Noting a slight but steady change in finances across the world before and after the Megaupload shutdown — taking into account inflation, Internet penetration and the site’s popularity as well — the researchers concluded that “the shutdown had a negative, yet in some cases insignificant effect, on [smaller films’] box office revenues.” Their case then goes on to explore file sharing’s role as “a mechanism to spread information about a good from consumers with zero or low willingness to pay to users with high willingness to pay.”

Okaaaaaay, buuuuuuuut…

However, before studios begin feverishly directing their promotional efforts toward torrent sites galore, the Munich team did find that with blockbusters obtaining a screen count over 500, the effect is actually opposite, having found instead a financial boost following the raids. So as much “Cabin in the Woods” and “The Avengers” differed both in Joss Whedon’s involvement and eventual box-office, the film’s results left to file-sharing sites predict a much more divergent result.

So, basically, for small films with teeny budgets that open in very limited markets — typically only on the coasts — piracy can end up as a means of promotion. This makes sense, I suppose. A studio isn’t going to sink millions of dollars for billboards and commercials into a film called Reflections On a Life of Solitude starring a foreign actor most of the country has never heard of, no matter how good it is, and they’ll probably only open it in art house theaters in New York and San Francisco. But if John Q. Pirate (pictured above), who lives in Kansas and can’t see the film unless he travels halfway across the country, pirates it online and tells his friends, and they tell their friends, and so on and so forth, the word of mouth may build to the point that the studio can extend the film’s run or open it in more theaters. Hence, more revenue via the old “a single harm with the potential to create a greater good” thing. (Admittedly this is a very simple example. I got a B- in Economics. Work with me.)

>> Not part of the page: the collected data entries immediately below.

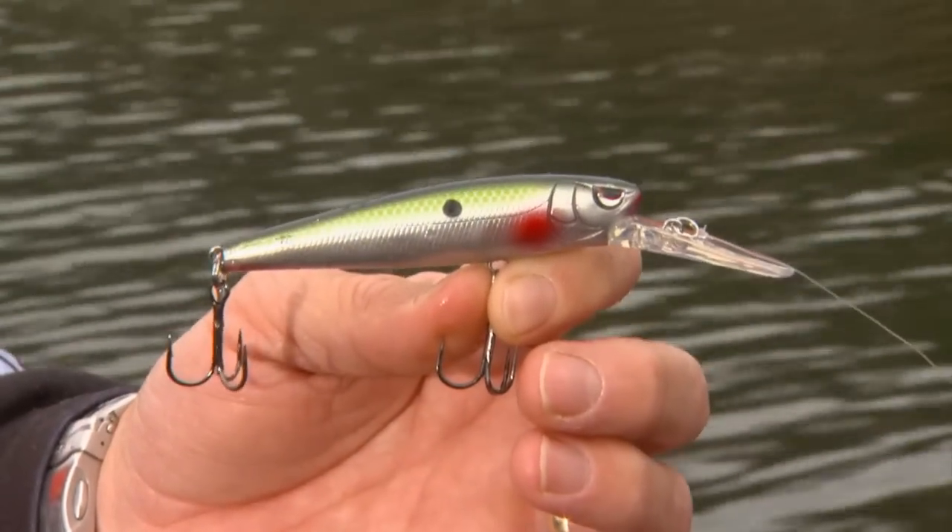One thing we haven't talked about is deeper jerkbait fishing. One of the things that people kind of misconceive about jerkbait fishing is they think you're trying to get the bait down to the same depth zone that the fish are in — but when you're fishing for fish that are biting a jerkbait, generally those fish are suspended and sometimes they're well below the level that jerkbait's getting.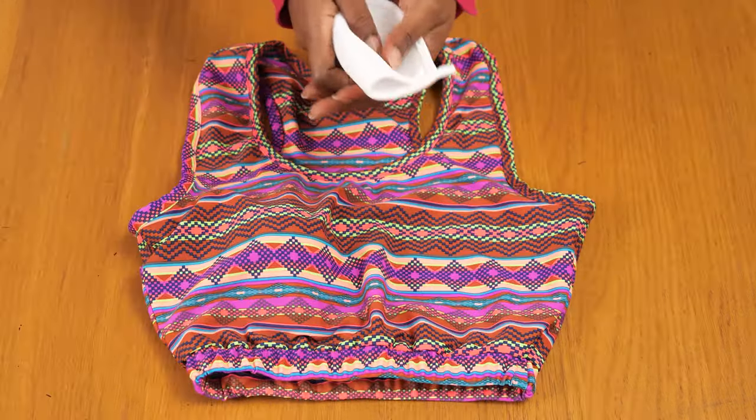I hope you guys enjoyed watching this project — this was a lot of fun to make, my first of many sports bras. Give this video a thumbs up if you enjoyed it, tag me in your creations on social media, and leave any other video suggestions or ideas in the comments down below. I'll see you guys in my next one — bye!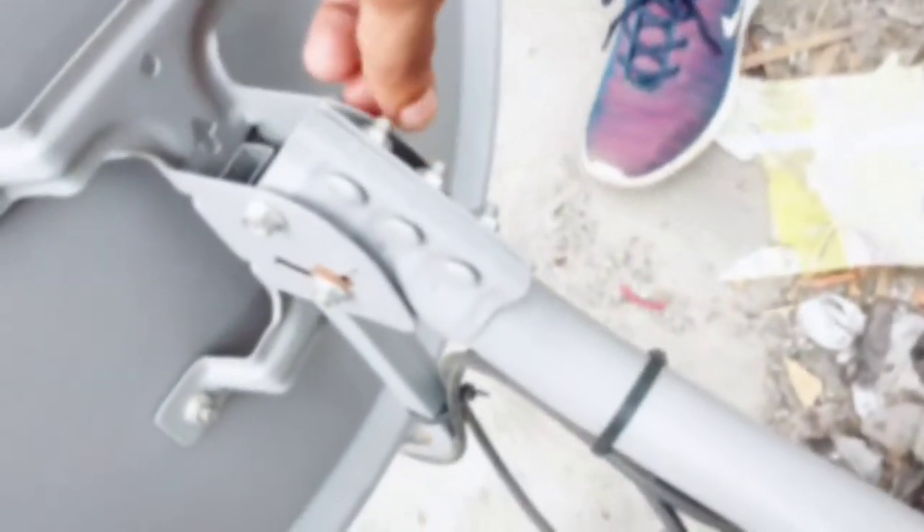Let's open it. My friends have 2 bolts first. We have to open those bolts — we already have 2 bolts. Now we have to open them. We'll open it fast, and we will open it properly.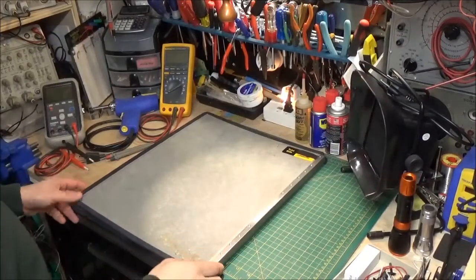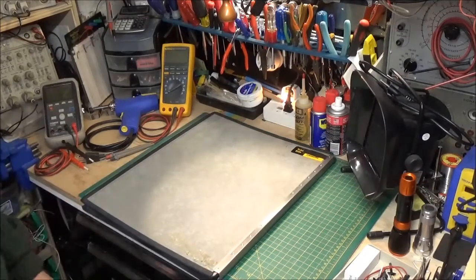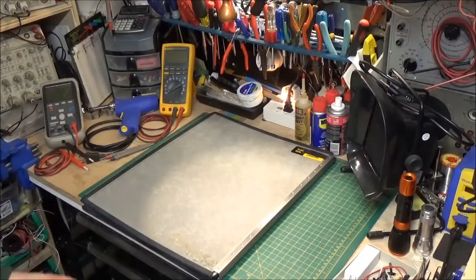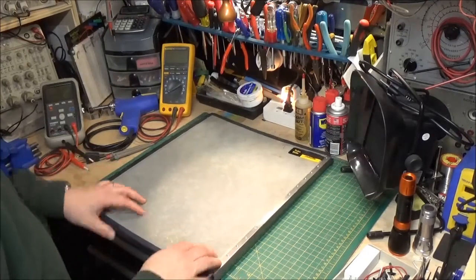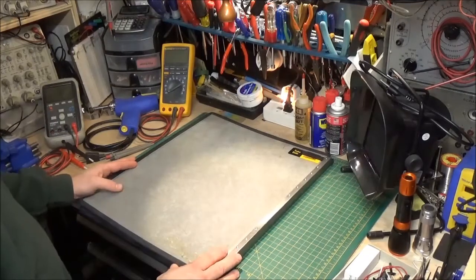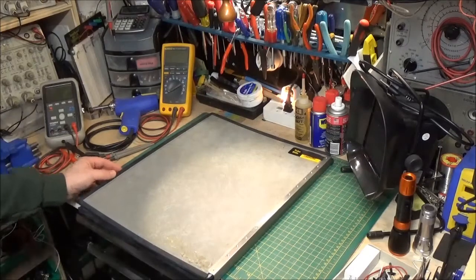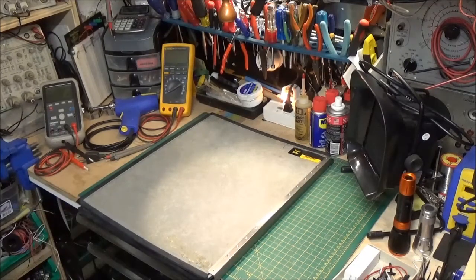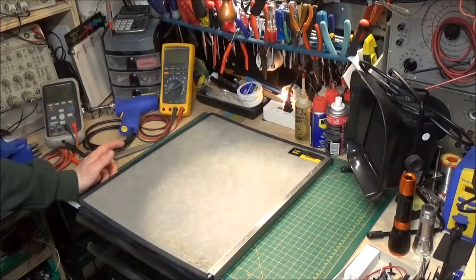Hi, today we're continuing our x-ray series. Some of you may find this interesting. We're going to talk about how an x-ray is taken and how you can record the x-ray. We talked about the x-ray tube, how it works in the generator, and we went out in the field and sat in on a calibration of an x-ray generator. Today we're going to learn what happens once the x-ray leaves the machine and goes through the patient — how do we pick it up?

On the other hand, pirating a movie like The Dark Knight Rises or Breaking Dawn takes revenue away from the studios because they don’t need your word of mouth. THOSE MOVIES ARE EVERYWHERE. The studios already put hundreds of millions of dollars into putting the actors’ faces on Big Gulps and lunch boxes, and they’re playing them 30 times a day at a movie theater five minutes from your house. They just want your money at that point.